Ligação telefônica de um número restrito. A cobrar.
Na primeira vez, desligo sem atender.
Insistem. Desta vez resolvo atender, embora já imaginando que fosse problema.
"Pai?", pergunta uma voz masculina, hesitante.
Descubro neste instante, via ligação telefônica, algo que não sabia até então: sou pai. E devo ser pai há tempos, uma vez que a voz é de um adolescente entrando na idade adulta, no mínimo. Um filho bem criado, eu diria.
A descoberta me deixa mau-humorado.

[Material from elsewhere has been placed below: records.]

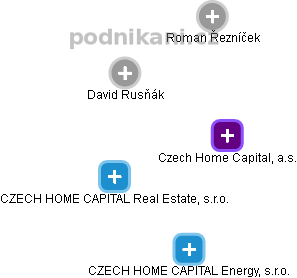 Czech Home Capital, a.s. - obrázek vizuálního zobrazení vztahů obchodního rejstříku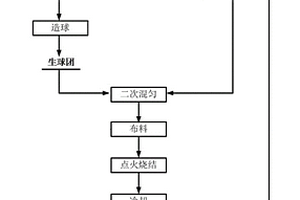 用于選礦生產線的過濾裝置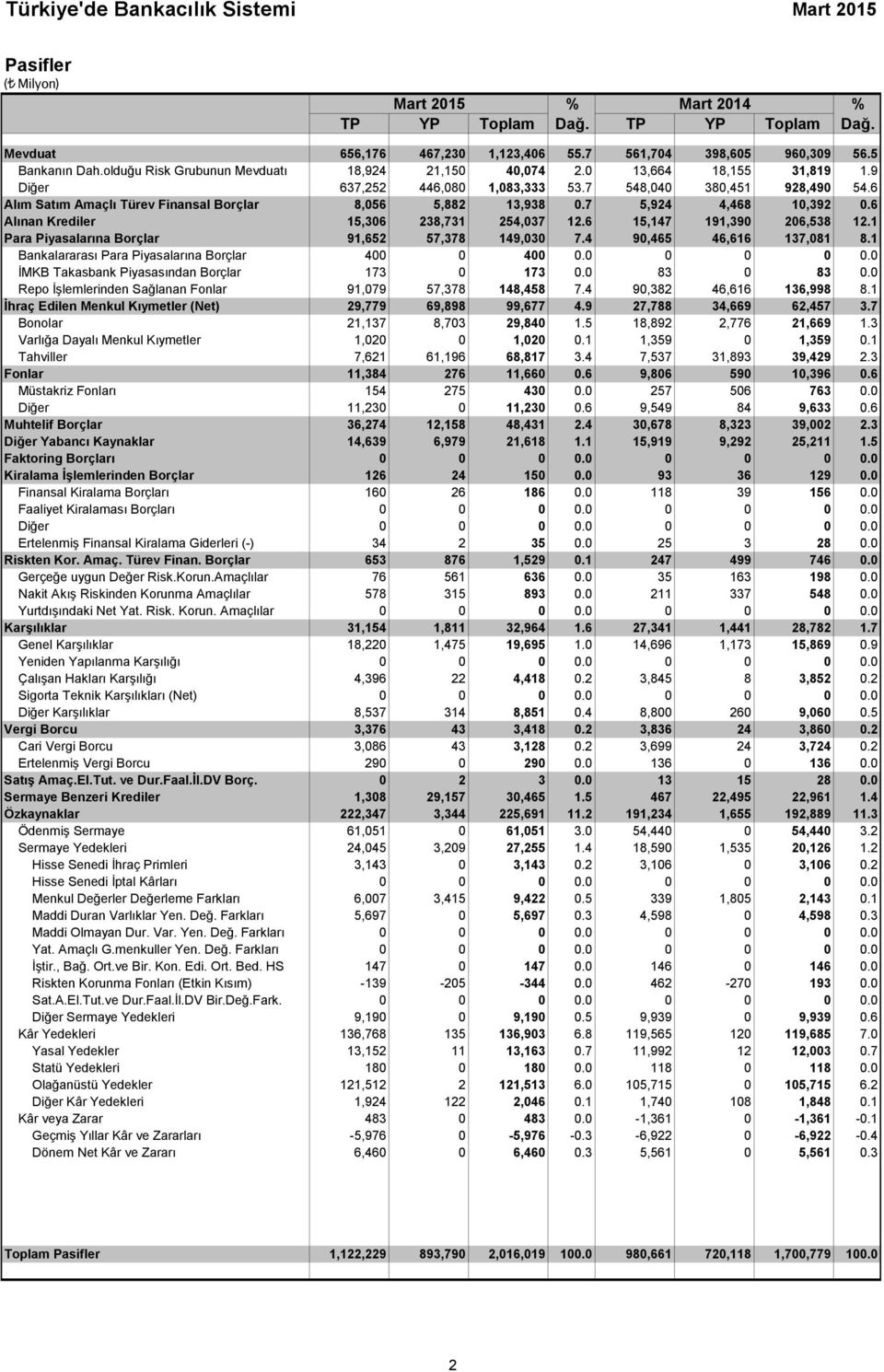 6 Alım Satım Amaçlı Türev Finansal Borçlar 8,056 5,882 13,938 0.7 5,924 4,468 10,392 0.6 Alınan Krediler 15,306 238,731 254,037 12.6 15,147 191,390 206,538 12.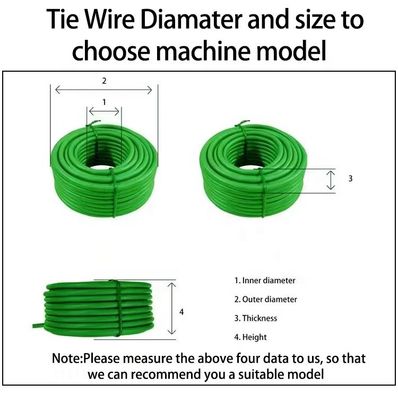 Semi-automatica Mini Flat Cable Wire Coiling Winding Machine per le cinghie di diametro 18-45mm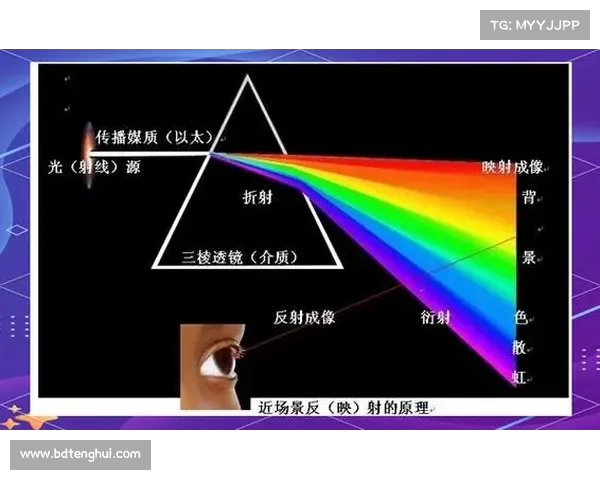发现虹色世界的奇迹与深刻寓意:探索彩虹背后的科学与文化象征 发现虹色世界的奇迹与深刻寓意:探索彩虹背后的科学与文化象征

Que diabos, se era para eu ser pai, que ao menos tivesse curtido as alegrias de ver meu filho crescer. Que tivesse as gratificações de conviver com uma criança, o prazer de vê-lo ir bem na escola, as brincadeiras, o afeto, o orgulho. Um filho que aparecia assim, me informando de forma súbita meu caráter de pai, ligando a cobrar sem me dar sequer a dignidade de saber qual o número de seu telefone, não me provocava nenhuma satisfação.
Pelo contrário: fiquei até um pouco ofendido.

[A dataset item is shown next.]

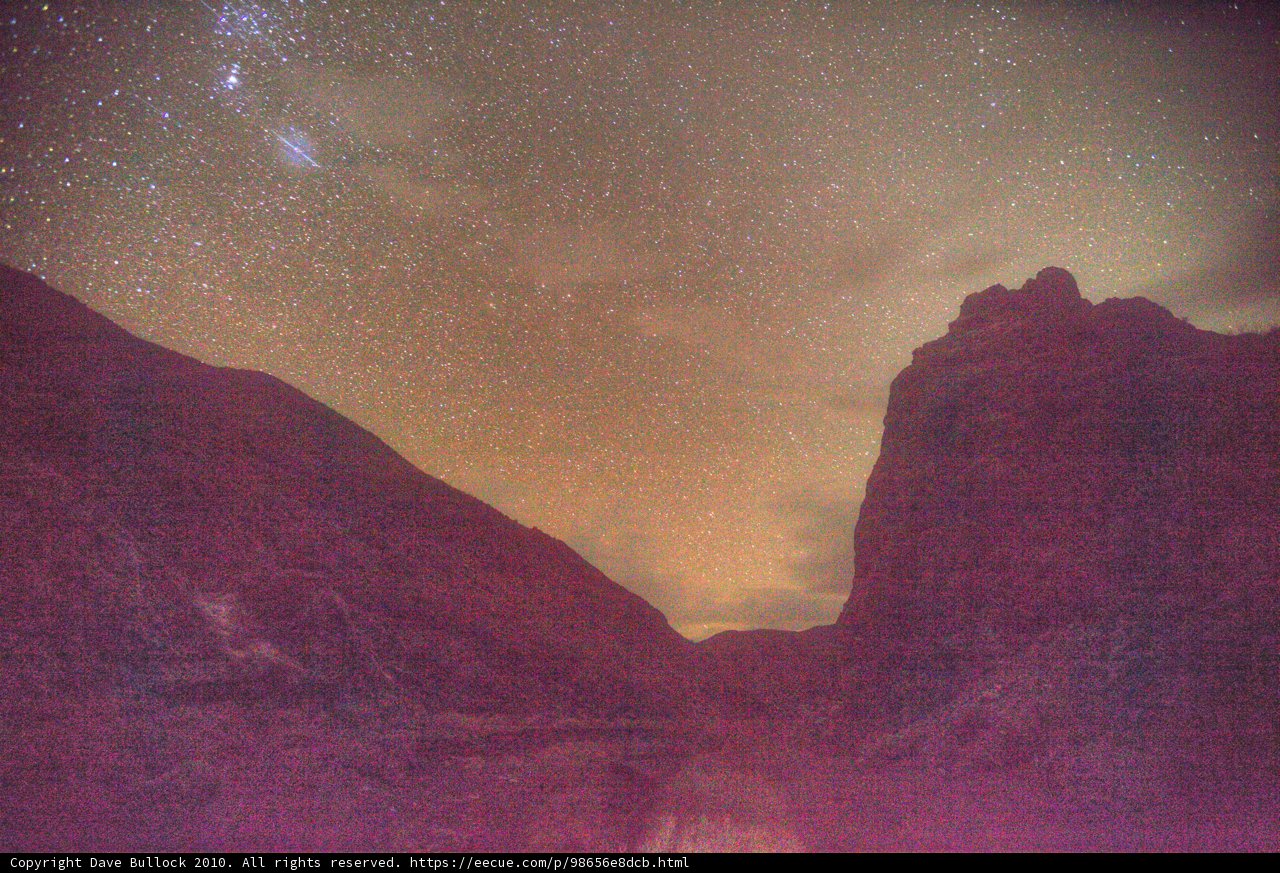 Majestic Mountains and Starry Skies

"Que foi?", respondo, interpretando uma voz irritada tão bem quanto podia.
"PAI ME AJUDA PAI PELO AMOR DE DEUS ELES ME PEGARAM PAI ME AJUDA ME AJUDA", choraminga a voz.

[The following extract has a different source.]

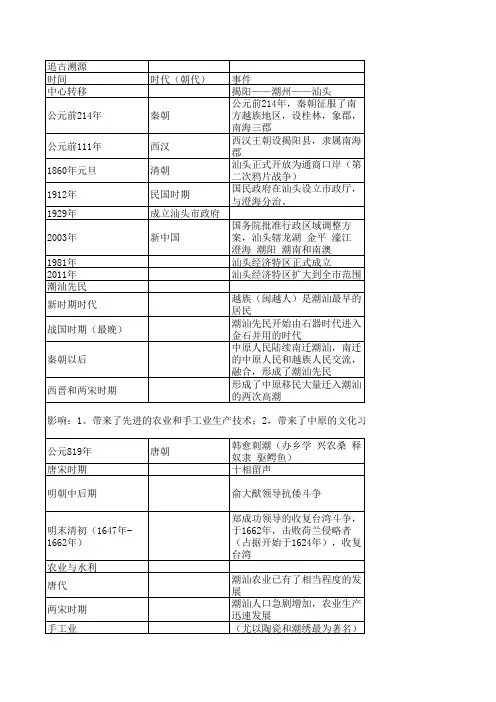 汕头变迁 备份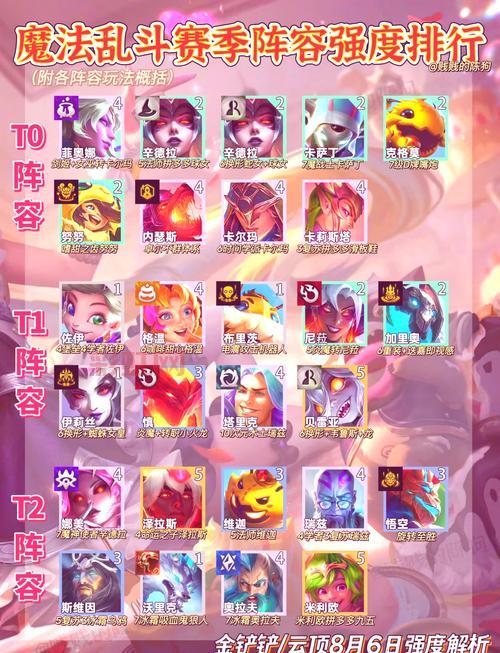 dota6.82版本强势阵容推荐，上分必备组合！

Que diabos. Ainda me liga para me passar problemas. Realmente, criei muito mal essa criança. Só pode ser.
"Por quê? Que que tu aprontaste agora?", pergunto, controlando a custo a falsa raiva em minha voz.
"PAI ME ESCUTA ELES ME SEQUESTRARAM PAI PAI POR FAVOR PAI ME AJUDA" - o lamento é choroso, insistente e estridente.
Detesto gritaria ao telefone. Detesto.
De-tes-to.
"Ah, AGORA tu quer minha ajuda?", respondo com firmeza. "Pois quer saber? Te vira, moleque. Eu é que não vou fazer nada para te ajudar. Tu nunca me deu ouvidos, vivia se metendo com essa gente e agora quer que EU te ajude? Mas bem capaz. Dá um jeito na tua vida e depois vem falar comigo. Eu fora!"
Desligo o telefone sem nenhum remorso, o outro lado da linha tomado de silêncio.
Descubro neste instante, via ligação telefônica, algo além da paternidade. Percebo que posso ser um pai bastante severo, se for o caso.